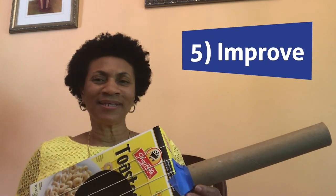Step 5: Improve. Test the results of your creation and improve — which means make it better if necessary.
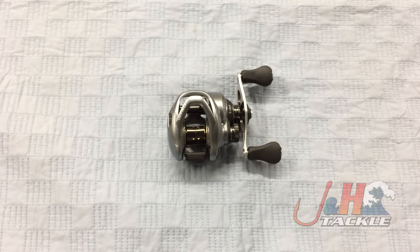Hey, it's Josh over at J&H. Today we're taking a look at the Shimano Corrado 70 low-profile bay casting reel. This is the CU 70 HG.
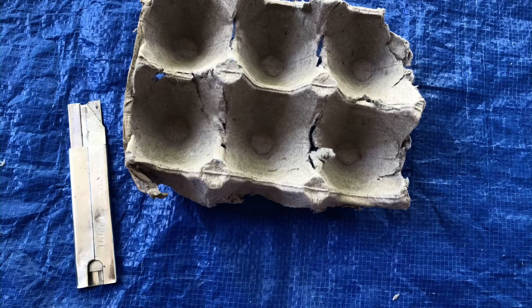The first thing you'll need to do is use the box cutter to score around the edges of each section of the egg carton. This will make it easier to tear them apart when you go to plant them in the ground.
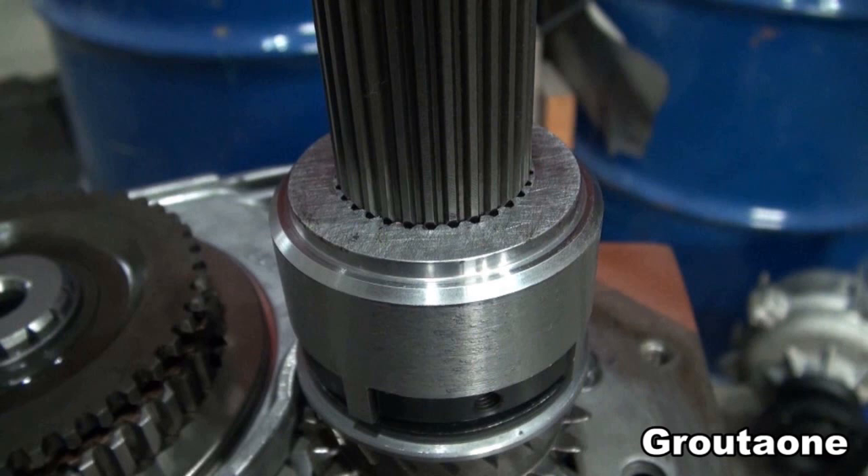That pretty much wraps up three parts of putting the main shaft into this NV4500.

..............................

## Activity
From the line holding "The first thing" to the final line of the data above, give each line again exactly, both ends included, and drop the pictures.

## The completed task
The first thing you'll need to do is use the box cutter to score around the edges of each section of the egg carton. This will make it easier to tear them apart when you go to plant them in the ground.
That pretty much wraps up three parts of putting the main shaft into this NV4500.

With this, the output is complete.